Sounds ambitious, also sounds like you have a good handle on it. My only question is why the oil primer? My concern is the temp fluctuations and the fact that oil won't flex that well on metal under hot Texas sun and cool nights. Personally, I would spot prime any exposed aluminum and two coat with finish. I would go with a Ben Moore system, they have a latex primer that will handle the exposed aluminum and their Moor line of exterior paint has excellent adhesion qualities. The Moor products will grab on to that with a death grip, and with spray the siding will look factory finished. I'm sure the other top manufacturers have comparable systems but my experience is with BM, and I wouldn't recommend anything but the top line products on exteriors. If you can carry the extra cost, the results and peace of mind will be worth it.


----------



## poppameth (Oct 2, 2008)

1) Aluminum does not like oil. After you prep prime with a 100% acrylic primer like Zinsser 1-2-3. If you still have any chalking issues, use Zinsser Peelstop instead to bind any residue.
2) Use a higher quality paint. Nothing in the big box stores is all that great. Ben Moore, Sherwin Williams, Pratt and Lambert, etc. will all have better products at a comparable price.


----------



## housepaintingny (Jul 25, 2009)

You do not need oil base primer. I would use a latex base primer and you only need to prime the areas that have raw aluminum. I prefer to use SW DTM Bonding Primer and SW SuperPaint, saitn when painting aluminum siding. You will need to apply 2 coats of a quality 100% acrylic latex paint. Sounds like you have a handle on the cleaning aspect of the siding.


----------



## Gymschu (Dec 12, 2010)

housepaintingny said:


> You do not need oil base primer. I would use a latex base primer and you only need to prime the areas that have raw aluminum. I prefer to use SW DTM Bonding Primer and SW SuperPaint, saitn when painting aluminum siding. You will need to apply 2 coats of a quality 100% acrylic latex paint. Sounds like you have a handle on the cleaning aspect of the siding.
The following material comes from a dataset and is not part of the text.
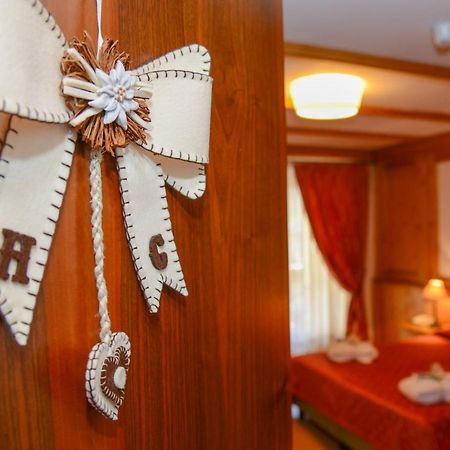 Hotel Corona Pinzolo Bagian luar foto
Great advice as always! A side note: You don't use a whole lot of paint on aluminum siding............so splurge a little and put something good on it like the above mentioned SuperPaint. There are some aluminum sided houses I painted 15 years ago that look almost as good as the day it was put on.


----------



## cherry_560sel (Dec 6, 2010)

jsheridan said:


> Sounds ambitious, also sounds like you have a good handle on it. My only question is why the oil primer? My concern is the temp fluctuations and the fact that oil won't flex that well on metal under hot Texas sun and cool nights. Personally, I would spot prime any exposed aluminum and two coat with finish. I would go with a Ben Moore system, they have a latex primer that will handle the exposed aluminum and their Moor line of exterior paint has excellent adhesion qualities. The Moor products will grab on to that with a death grip, and with spray the siding will look factory finished. I'm sure the other top manufacturers have comparable systems but my experience is with BM, and I wouldn't recommend anything but the top line products on exteriors. If you can carry the extra cost, the results and peace of mind will be worth it.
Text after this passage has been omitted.